| WHAT IS BEING ASKED |
How many separate lines of the data contain "Hotel"? Give the count and nothing else.

○ ○ ○

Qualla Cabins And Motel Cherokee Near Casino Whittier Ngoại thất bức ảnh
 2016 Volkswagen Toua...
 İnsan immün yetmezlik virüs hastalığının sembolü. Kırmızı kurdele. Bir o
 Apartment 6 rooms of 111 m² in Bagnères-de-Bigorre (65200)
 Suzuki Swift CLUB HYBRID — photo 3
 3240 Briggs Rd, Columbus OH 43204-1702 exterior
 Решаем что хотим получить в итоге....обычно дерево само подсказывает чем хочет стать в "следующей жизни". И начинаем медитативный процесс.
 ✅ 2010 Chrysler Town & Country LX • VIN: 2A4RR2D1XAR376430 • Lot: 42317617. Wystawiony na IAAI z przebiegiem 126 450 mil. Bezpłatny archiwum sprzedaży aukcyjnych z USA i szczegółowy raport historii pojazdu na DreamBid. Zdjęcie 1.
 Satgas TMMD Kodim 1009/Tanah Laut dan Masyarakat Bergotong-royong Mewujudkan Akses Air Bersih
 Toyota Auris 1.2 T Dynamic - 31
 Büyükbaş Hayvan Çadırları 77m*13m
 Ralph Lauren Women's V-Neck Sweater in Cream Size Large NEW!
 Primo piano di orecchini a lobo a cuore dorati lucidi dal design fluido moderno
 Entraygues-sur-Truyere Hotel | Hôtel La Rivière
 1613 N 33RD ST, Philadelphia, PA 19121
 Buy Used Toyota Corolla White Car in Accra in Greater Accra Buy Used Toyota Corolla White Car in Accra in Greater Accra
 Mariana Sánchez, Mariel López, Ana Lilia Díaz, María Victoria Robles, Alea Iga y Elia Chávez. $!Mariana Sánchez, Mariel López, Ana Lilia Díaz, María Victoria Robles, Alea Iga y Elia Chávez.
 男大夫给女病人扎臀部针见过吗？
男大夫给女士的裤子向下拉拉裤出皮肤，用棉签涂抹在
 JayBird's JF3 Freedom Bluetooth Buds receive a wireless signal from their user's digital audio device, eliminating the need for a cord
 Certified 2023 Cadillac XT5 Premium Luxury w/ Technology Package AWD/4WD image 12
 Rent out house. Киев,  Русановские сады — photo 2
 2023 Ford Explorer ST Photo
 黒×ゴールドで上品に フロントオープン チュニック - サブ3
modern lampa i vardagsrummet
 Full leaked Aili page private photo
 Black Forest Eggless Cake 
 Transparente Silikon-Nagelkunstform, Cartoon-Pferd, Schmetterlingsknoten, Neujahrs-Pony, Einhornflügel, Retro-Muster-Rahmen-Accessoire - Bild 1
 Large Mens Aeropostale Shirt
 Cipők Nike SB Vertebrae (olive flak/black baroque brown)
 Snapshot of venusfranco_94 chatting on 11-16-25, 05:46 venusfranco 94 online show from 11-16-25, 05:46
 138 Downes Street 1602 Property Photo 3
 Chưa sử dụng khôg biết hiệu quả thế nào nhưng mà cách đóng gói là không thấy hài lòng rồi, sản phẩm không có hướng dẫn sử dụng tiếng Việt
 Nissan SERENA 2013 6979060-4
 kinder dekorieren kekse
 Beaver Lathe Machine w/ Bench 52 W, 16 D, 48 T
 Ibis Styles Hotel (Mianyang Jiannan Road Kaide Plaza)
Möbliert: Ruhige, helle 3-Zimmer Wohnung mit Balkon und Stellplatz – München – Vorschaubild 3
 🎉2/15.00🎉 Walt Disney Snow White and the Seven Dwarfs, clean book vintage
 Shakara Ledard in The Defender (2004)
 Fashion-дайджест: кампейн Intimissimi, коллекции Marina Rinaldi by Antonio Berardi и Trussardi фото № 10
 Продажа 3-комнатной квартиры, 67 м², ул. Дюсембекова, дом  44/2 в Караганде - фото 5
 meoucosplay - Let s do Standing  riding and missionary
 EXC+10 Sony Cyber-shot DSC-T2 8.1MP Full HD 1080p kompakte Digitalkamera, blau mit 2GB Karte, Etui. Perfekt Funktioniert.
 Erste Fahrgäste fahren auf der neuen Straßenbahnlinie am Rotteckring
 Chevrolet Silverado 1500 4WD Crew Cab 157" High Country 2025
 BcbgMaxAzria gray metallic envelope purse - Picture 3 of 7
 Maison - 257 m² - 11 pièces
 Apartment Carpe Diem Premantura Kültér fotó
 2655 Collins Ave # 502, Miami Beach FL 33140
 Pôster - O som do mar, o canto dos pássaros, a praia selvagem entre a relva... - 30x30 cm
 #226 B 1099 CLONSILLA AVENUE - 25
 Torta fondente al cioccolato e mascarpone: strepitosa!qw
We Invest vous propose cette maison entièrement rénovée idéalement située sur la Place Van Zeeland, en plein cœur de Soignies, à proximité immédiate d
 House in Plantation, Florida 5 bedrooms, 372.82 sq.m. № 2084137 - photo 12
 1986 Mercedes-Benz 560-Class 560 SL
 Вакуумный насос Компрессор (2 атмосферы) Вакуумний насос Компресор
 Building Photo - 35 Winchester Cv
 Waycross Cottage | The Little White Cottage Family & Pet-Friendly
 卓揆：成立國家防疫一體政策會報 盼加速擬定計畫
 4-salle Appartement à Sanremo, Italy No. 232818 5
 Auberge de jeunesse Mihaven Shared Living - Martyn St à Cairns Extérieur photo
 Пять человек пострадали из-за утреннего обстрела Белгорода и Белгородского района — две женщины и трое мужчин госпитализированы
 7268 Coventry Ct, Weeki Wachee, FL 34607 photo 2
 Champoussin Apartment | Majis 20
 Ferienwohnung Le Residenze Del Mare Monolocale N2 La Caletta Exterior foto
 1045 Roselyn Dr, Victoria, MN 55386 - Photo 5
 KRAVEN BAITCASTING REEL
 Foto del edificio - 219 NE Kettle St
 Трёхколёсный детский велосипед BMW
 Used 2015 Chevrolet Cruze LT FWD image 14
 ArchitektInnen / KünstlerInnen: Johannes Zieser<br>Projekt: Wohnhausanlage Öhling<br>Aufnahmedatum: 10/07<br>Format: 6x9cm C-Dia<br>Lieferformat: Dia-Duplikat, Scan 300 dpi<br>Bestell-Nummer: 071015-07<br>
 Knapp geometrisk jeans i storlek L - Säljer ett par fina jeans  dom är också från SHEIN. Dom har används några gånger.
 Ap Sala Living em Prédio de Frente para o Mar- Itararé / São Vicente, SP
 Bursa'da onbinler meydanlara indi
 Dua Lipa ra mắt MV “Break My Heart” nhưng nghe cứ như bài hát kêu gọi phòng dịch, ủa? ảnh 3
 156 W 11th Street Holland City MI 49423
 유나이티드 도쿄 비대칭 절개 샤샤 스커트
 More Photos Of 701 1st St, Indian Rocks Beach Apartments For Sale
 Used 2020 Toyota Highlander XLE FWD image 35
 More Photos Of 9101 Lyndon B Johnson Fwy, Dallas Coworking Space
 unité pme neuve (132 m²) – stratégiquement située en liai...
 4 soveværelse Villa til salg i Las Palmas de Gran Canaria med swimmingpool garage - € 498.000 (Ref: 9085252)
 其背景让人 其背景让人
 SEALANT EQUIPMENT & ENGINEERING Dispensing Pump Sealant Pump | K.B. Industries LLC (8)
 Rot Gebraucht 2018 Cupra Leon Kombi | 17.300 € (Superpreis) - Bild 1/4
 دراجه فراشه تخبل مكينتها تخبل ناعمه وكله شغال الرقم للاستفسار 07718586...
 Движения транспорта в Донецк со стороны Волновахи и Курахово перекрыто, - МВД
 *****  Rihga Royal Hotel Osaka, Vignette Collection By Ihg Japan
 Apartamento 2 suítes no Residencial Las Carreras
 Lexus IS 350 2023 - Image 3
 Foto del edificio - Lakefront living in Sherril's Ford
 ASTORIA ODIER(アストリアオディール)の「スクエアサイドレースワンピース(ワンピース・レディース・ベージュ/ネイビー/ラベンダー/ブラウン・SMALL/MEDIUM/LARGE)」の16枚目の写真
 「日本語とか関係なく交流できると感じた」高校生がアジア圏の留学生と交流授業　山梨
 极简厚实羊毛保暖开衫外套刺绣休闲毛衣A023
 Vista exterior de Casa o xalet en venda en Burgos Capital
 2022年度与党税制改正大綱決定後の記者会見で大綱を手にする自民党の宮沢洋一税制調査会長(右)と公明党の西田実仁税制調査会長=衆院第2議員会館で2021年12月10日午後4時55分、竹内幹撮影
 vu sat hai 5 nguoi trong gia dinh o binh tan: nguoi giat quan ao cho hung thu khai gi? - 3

○ ○ ○

| RESPONSE BOX |
3